Sandokan, invece di rispondere, stese la destra verso l’ovest, e disse:
— Eccole: le vedi?
— Chi, Sandokan?
— Le navi nemiche.
— Di già! — mormorò l’indiano, che non seppe frenare un brivido.
— Accorrono come belve feroci per distruggere le ultime Tigri della Malesia. I loro sguardi sono ormai fissi su di noi.
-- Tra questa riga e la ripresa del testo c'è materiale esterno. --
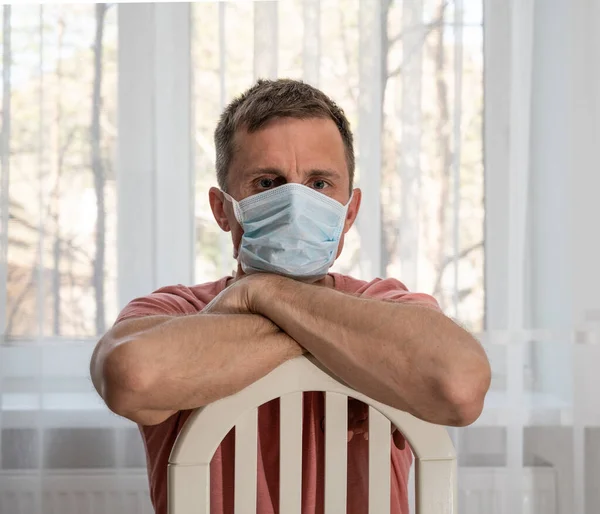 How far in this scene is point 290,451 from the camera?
0.92 meters

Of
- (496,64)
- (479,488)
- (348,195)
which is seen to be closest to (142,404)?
(348,195)

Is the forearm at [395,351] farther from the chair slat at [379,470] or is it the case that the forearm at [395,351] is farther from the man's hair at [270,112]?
the man's hair at [270,112]

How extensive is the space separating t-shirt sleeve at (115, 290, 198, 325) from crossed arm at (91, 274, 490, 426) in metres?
0.24

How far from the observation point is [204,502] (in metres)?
0.88

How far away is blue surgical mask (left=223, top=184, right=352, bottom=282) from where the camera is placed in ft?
3.88

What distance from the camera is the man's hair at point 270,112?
1259mm

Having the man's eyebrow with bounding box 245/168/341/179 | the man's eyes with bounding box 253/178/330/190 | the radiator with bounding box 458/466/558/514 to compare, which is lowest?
the radiator with bounding box 458/466/558/514

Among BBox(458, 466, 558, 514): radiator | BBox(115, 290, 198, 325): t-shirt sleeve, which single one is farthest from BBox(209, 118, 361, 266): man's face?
BBox(458, 466, 558, 514): radiator

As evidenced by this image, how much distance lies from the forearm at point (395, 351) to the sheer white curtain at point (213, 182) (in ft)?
4.06

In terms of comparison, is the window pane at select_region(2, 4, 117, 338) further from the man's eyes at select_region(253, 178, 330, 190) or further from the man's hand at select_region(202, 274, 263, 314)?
the man's hand at select_region(202, 274, 263, 314)

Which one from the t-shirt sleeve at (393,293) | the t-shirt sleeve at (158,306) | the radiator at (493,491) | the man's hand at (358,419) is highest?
the t-shirt sleeve at (393,293)

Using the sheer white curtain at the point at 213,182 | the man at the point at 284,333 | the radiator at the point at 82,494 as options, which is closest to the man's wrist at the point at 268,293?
the man at the point at 284,333

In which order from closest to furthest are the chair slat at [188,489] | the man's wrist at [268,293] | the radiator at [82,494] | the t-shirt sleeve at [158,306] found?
the chair slat at [188,489] → the man's wrist at [268,293] → the t-shirt sleeve at [158,306] → the radiator at [82,494]

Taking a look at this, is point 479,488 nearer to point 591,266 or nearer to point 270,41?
point 591,266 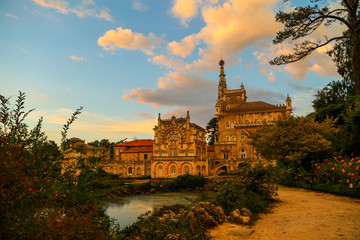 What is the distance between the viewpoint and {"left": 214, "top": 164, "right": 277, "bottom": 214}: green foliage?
10305 millimetres

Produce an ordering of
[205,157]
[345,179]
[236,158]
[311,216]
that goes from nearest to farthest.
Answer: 1. [311,216]
2. [345,179]
3. [236,158]
4. [205,157]

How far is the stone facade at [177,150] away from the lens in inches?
1710

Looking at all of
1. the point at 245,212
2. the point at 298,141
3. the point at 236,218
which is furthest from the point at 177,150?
the point at 236,218

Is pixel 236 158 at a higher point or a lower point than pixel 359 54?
lower

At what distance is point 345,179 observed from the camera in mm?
12039

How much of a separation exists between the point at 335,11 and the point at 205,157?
34808 mm

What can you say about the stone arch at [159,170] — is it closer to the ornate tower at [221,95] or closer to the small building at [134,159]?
the small building at [134,159]

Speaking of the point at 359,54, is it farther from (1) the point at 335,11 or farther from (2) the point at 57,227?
(2) the point at 57,227

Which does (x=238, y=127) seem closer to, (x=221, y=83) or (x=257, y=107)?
(x=257, y=107)

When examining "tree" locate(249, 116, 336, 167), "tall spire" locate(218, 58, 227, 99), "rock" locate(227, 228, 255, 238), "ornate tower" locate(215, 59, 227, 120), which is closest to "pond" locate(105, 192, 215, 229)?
"tree" locate(249, 116, 336, 167)

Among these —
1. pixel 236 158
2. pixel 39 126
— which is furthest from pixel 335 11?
pixel 236 158

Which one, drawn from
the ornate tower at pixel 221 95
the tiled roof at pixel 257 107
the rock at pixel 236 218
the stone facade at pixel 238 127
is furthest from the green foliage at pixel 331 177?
the ornate tower at pixel 221 95

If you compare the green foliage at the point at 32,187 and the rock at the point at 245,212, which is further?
the rock at the point at 245,212

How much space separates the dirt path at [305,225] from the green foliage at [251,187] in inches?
54.8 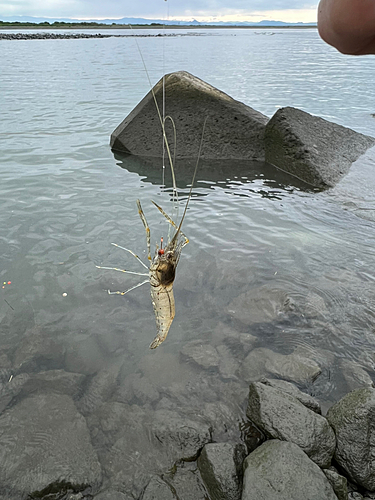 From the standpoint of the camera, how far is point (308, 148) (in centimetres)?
902

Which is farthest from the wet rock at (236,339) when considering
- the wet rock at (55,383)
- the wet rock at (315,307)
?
the wet rock at (55,383)

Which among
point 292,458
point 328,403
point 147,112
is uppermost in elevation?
point 147,112

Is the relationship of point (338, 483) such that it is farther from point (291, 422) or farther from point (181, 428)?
point (181, 428)

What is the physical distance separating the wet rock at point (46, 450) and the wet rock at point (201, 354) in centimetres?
122

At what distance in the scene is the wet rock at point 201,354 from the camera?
13.8 ft

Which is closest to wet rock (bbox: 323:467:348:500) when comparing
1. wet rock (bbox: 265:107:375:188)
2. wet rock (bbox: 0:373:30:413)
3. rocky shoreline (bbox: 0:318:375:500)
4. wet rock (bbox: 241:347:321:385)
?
rocky shoreline (bbox: 0:318:375:500)

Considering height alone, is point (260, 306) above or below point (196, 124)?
below

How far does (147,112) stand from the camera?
10.1m

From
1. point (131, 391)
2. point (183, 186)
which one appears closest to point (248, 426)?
point (131, 391)

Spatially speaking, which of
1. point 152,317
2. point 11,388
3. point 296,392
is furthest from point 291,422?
point 11,388

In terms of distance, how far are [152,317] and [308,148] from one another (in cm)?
596

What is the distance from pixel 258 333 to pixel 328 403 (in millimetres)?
1073

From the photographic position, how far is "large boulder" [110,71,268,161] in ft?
32.7

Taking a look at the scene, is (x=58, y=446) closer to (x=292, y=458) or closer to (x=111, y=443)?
(x=111, y=443) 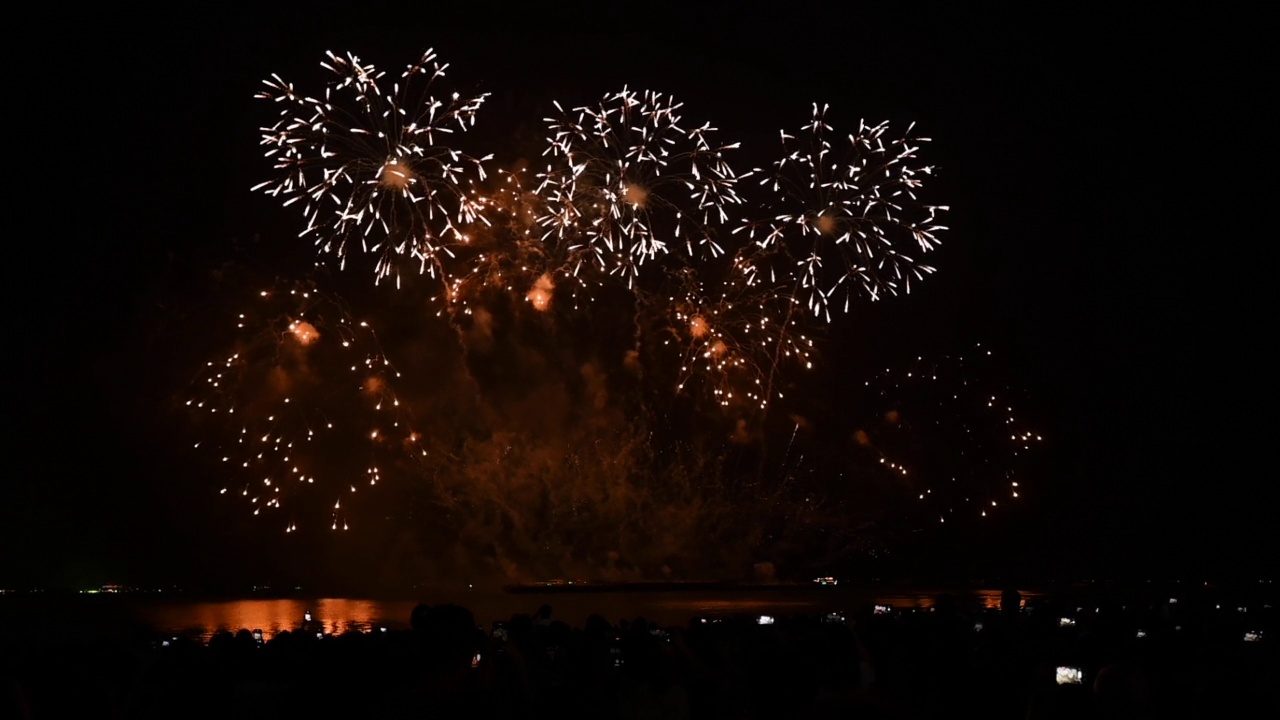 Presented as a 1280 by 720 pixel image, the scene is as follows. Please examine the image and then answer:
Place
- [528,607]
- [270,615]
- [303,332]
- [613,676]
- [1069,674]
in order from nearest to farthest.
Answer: [613,676], [1069,674], [270,615], [528,607], [303,332]

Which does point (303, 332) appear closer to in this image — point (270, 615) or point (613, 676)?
point (270, 615)

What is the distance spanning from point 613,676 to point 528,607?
83.3ft

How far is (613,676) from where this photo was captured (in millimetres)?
6168

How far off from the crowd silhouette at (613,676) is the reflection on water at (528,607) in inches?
572

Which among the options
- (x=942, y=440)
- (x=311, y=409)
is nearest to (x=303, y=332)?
(x=311, y=409)

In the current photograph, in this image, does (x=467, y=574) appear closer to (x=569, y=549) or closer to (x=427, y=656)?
(x=569, y=549)

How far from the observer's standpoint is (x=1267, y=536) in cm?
4928

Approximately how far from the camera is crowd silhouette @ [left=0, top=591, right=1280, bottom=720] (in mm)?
5797

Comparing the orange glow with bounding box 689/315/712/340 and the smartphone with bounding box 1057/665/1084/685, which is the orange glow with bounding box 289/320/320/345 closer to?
the orange glow with bounding box 689/315/712/340

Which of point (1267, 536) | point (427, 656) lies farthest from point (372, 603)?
point (1267, 536)

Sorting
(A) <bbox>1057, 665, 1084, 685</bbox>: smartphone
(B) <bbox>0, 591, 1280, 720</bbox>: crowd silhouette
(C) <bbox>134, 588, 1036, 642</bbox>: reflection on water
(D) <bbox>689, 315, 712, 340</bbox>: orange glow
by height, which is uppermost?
(D) <bbox>689, 315, 712, 340</bbox>: orange glow

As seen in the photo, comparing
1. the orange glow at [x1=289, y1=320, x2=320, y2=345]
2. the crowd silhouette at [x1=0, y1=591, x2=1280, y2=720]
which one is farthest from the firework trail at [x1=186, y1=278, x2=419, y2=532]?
the crowd silhouette at [x1=0, y1=591, x2=1280, y2=720]

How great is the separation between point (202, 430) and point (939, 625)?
35.6m

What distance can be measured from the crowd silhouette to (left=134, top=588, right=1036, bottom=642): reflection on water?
14.5 m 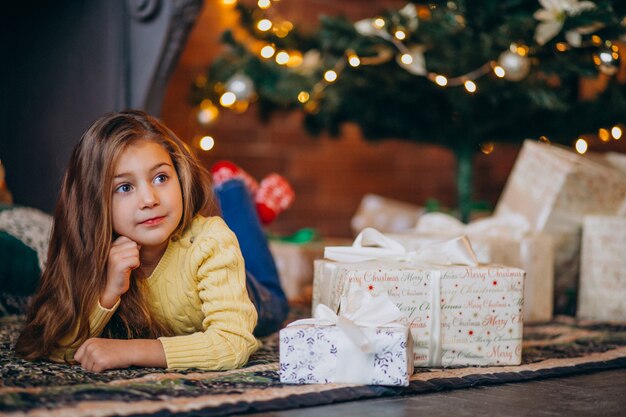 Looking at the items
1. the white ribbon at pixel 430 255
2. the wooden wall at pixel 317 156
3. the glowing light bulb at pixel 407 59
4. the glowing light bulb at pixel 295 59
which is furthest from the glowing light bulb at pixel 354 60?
the white ribbon at pixel 430 255

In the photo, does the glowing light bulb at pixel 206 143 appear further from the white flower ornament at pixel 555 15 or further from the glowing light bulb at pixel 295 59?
the white flower ornament at pixel 555 15

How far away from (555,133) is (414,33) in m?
0.50

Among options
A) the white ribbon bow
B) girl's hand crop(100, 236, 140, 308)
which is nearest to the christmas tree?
the white ribbon bow

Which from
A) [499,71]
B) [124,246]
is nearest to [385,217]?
[499,71]

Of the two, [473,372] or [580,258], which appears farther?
[580,258]

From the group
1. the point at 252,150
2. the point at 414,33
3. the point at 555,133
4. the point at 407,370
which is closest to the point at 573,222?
the point at 555,133

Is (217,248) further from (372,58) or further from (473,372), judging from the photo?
(372,58)

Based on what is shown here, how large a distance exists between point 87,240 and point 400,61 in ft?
Result: 3.54

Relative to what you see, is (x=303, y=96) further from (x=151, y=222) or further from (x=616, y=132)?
(x=151, y=222)

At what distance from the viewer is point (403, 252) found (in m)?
1.30

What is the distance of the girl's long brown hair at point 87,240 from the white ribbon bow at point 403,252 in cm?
28

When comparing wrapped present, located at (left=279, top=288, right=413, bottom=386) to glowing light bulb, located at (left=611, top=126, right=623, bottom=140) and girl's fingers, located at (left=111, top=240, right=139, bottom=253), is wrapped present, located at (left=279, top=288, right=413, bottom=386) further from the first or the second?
glowing light bulb, located at (left=611, top=126, right=623, bottom=140)

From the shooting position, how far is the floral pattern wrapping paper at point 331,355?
3.44 feet

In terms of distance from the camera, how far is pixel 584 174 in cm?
191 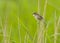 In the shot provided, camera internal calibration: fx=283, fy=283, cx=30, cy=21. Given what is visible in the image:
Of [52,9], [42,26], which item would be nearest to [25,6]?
[52,9]

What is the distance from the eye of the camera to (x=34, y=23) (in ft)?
7.80

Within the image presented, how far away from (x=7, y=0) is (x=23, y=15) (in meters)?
0.37

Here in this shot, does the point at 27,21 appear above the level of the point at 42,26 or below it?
below

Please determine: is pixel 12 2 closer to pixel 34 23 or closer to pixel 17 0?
pixel 17 0

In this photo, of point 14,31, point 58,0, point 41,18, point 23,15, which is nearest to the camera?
point 41,18

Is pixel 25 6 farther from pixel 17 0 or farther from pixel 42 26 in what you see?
pixel 42 26

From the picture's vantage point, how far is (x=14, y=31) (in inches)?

Tremal-Naik guardò nella direzione indicata, mentre gli uomini di guardia sulla piattaforma gridavano:
— Navi a poppa!
Parecchi punti luminosi scintillavano sull’orizzonte ed ingrandivano rapidamente.
— Sono pronti i nostri uomini? — chiese Sandokan.
— Sì — rispose Yanez che gli stava presso.
— E Surama e Darma? — domandò con un tremito.
— Sono tranquille.
— Vorrei salvarle.
— Che cosa dovremmo fare?
— Sbarcarle su una scialuppa e allontanarle prima che quelle navi ci rinchiudano.
— Si rifiuteranno; mi hanno giurato che se dovremo morire, esse s’inabisseranno con noi.
— Vi è la morte qui!...
— L’aspettano.
— Salvale, Yanez.
— Ti ripeto che si rifiuterebbero; non insistere.
— Ebbene, sia!... Se dovremo morire, non cadremo invendicati!... A me, Tigri di Mompracem!